Prominente auf der ganzen Welt verpassen sich eine kalte Dusche, um auf ALS aufmerksam zu machen. Sabine Niese ist von der Krankheit betroffen. Wie die Hamburgerin damit umgeht.

Hamburg. Es gibt so Phänomene, die genau so schnell kommen, wie sie wieder verschwinden. Und es ist sehr wahrscheinlich, dass die Sache mit der „Ice Bucket Challenge“ auch dazu gehört. Derzeit ploppen sie überall auf, die Videos von mehr oder weniger prominenten Menschen, die sich für den guten Zweck eiskaltes Wasser über den Kopf schütten. Eine Weile werden die unterhaltsamen Clips wohl noch in Erinnerung bleiben. Warum es dabei aber eigentlich ging, vermutlich nicht.

Das fürchtet zumindest Sabine Niese. Denn die Hamburgerin weiß leider sehr genau, worum es geht. Die 39-Jährige leidet unter der tödlichen Nervenkrankheit „Amyotrophe Lateralsklerose“, kurz ALS. Eine Diagnose, die brutaler wohl kaum sein könnte. Betroffene verlieren durch eine fortschreitende Schädigung der Nervenzellen nach und nach die Fähigkeit, sich zu bewegen. Meist beginnt die Schwäche in den Beinen. Später kommen Arme, Hände und Gesichtsmuskeln dazu. Irgendwann ist auch das Sprechen nicht mehr möglich. Reihenfolge und Verlauf sind von Fall zu Fall unterschiedlich. Nur der Ausgang ist immer derselbe: Am Ende versagt die Lungenmuskulatur, der Patient stirbt. Statistisch gesehen vergehen von der Diagnose bis zum Tod drei bis fünf Jahre. Sabine Nieses Diagnose ist sechs Jahre her.

Es ist Oktober 2008, als die Mutter dreier Söhne zum ersten Mal spürt, dass etwas nicht stimmt. „Ich fühlte mich erschöpft und kraftlos“, sagt sie. Langes Stehen fällt ihr auf einmal schwer, die Spaziergänge mit dem Hund werden kürzer und das Treppensteigen ist ein Kraftakt. Was ist plötzlich los? Normalerweise strotzt die junge Frau mit den leuchtend roten Haaren vor Energie, sitzt kaum einen Moment still, gibt in ihrem Job als selbstständige Kosmetikerin alles. Niese versteht einfach nicht, warum ihr Körper plötzlich streikt. Auch die Ärzte nicht. Am Anfang schiebt man es auf „Überlastung, irgendwas Psychisches.“ Sie solle sich schonen. Als sich ihr Zustand monatelang nicht bessert, untersuchen die Neurologen sie erneut. Ihren Job hat sie zu dem Zeitpunkt längst aufgegeben. Während die Ärzte mit Nadeln in ihre Muskeln piken, sagt sie noch: „Wenn es was Schlimmes ist, hätte ich doch lieber das Psychische“.
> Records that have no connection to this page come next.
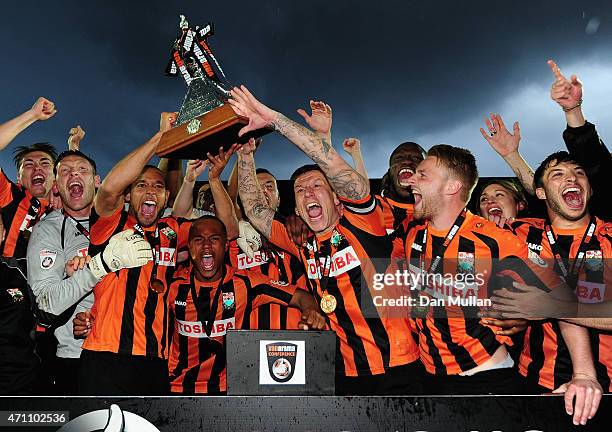 The Barnet Team celebrate with the trophy after clinching promotion during the Vanarama Football Conference League match between Barnet and Gateshead...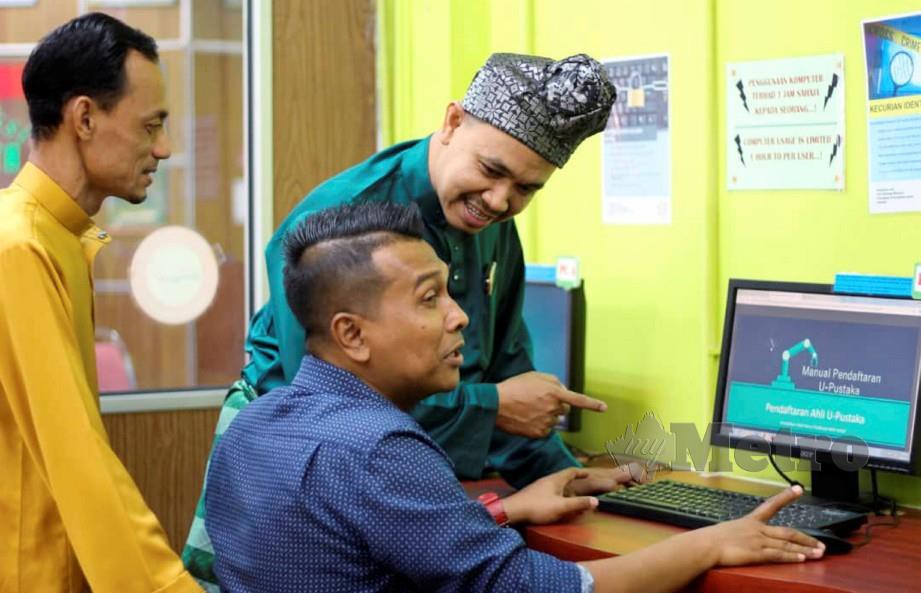 MOHD Azizi menunjukkan cara melayari perpustakaan digital. FOTO Nor Amalina Alias.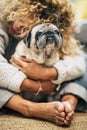 People dogs owner and best friends love concept - woman embrace her pug at home sitting on the floor - puppy protection and Royalty Free Stock Photo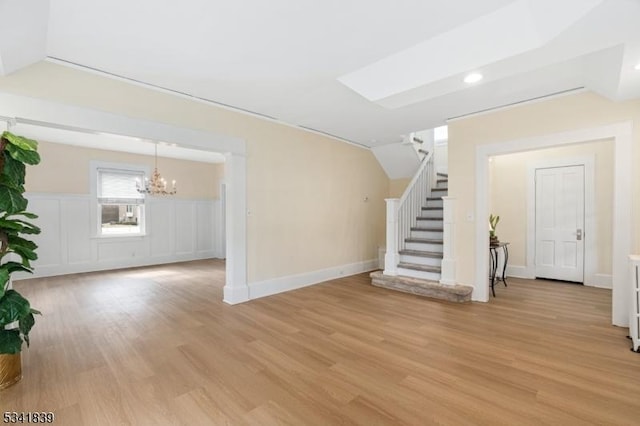 unfurnished living room with vaulted ceiling, stairway, a notable chandelier, and light wood-type flooring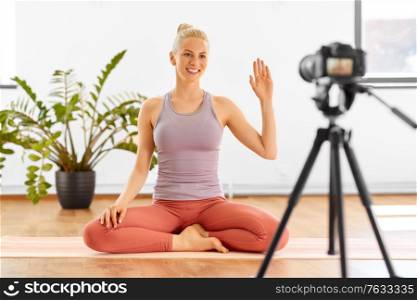 fitness, sport and video blogging concept - happy smiling young woman or blogger with camera on tripod recording online yoga class at home or studio. woman with camera streaming for yoga blog at home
Doch es kommt anders: Es ist der 30. April 2009, als man sie mit den drei Buchstaben konfrontiert. „Von einen Tag auf den anderen war ich nicht mehr psychisch krank, sondern unheilbar“, so Niese. Wie lange es dauert, bis man das versteht, was auf einen zu kommt? „Ich glaube, ich habe es bis heute nicht verstanden.“ Nach der Diagnose sind Sabine Niese und ihre Familie auf sich gestellt. Sabine fühlt sich mit der Diagnose allein und überfordert. Sie hat viele Fragen. Und findet kaum Antworten. Auch im Internet gibt es kaum Informationen, keine Foren, in denen sie sich mit Gleichgesinnten austauschen kann. Fremden muss sie immer wieder von Neuem erklären, was sie hat. Menschen auf der Straße, in Geschäften, auf Ämtern, bei Versicherungen und der Krankenkasse.
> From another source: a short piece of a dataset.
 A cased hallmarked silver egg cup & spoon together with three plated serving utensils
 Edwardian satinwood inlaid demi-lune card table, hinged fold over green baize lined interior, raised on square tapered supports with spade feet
Hier bekommt der Abendblatt-Chef den „Ice-Bucket“ ab

Irgendwann beschließt sie, eine Homepage einzurichten, und mit ihren Schicksal nach draußen zu gehen. Auf „Hetzjagd ins Licht“ berichtet sie von ihrem Leben mit der ALS, stellt Informationen zu der Krankheit zusammen und bildet ein Netzwerk mit anderen Betroffenen. Niese beschließt, offensiv mit der Erkrankung umzugehen, besucht Fernsehshows und gibt Interviews. Sie will gesehen und gehört werden, damit auch die Krankheit gesehen und gehört wird. Und sie versucht, ihr Leben weiter zu genießen, auszugehen, zu reisen, viel Zeit mit ihrer Familie zu verbringen. Das klappt natürlich nicht immer. Aber wer Sabine Niese erlebt, der spürt, dass es ihr oft gelingt. Wenn sie lacht, dann strahlt sie und dann bebt der Körper mit, auch wenn er sich von allein nicht mehr bewegen kann.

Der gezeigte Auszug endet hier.